**Extracted data**:
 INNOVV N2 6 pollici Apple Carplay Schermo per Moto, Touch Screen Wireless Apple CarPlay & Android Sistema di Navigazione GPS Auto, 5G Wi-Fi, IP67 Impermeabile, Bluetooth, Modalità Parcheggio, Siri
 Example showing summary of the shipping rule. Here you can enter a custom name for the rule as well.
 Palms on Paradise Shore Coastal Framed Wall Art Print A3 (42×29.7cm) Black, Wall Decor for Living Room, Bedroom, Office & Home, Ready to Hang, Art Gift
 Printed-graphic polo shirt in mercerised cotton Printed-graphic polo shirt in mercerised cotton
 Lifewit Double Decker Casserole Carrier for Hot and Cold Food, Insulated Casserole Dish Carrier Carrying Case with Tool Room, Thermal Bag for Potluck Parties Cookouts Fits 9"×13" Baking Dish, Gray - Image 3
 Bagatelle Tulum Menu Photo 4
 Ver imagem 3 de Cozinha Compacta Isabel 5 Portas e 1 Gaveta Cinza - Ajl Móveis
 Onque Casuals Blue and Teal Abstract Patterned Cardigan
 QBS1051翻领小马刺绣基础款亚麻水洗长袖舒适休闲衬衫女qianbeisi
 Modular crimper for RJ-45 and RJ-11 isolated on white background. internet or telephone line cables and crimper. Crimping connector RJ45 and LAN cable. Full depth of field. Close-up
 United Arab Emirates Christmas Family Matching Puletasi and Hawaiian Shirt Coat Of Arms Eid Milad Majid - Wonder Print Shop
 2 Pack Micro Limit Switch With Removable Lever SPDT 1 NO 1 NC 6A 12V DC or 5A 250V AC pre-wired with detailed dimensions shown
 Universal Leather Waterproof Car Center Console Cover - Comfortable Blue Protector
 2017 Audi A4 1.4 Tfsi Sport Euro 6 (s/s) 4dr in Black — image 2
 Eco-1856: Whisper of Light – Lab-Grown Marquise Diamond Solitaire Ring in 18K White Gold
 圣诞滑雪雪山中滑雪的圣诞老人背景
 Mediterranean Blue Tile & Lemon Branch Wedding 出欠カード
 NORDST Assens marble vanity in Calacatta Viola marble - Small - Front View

**Exercise**:
Print exactly the lines from the one with "Mediterranean Blue Tile" through the last line of the material, including both, and no others.

**Response for this exercise**:
 Mediterranean Blue Tile & Lemon Branch Wedding 出欠カード
 NORDST Assens marble vanity in Calacatta Viola marble - Small - Front View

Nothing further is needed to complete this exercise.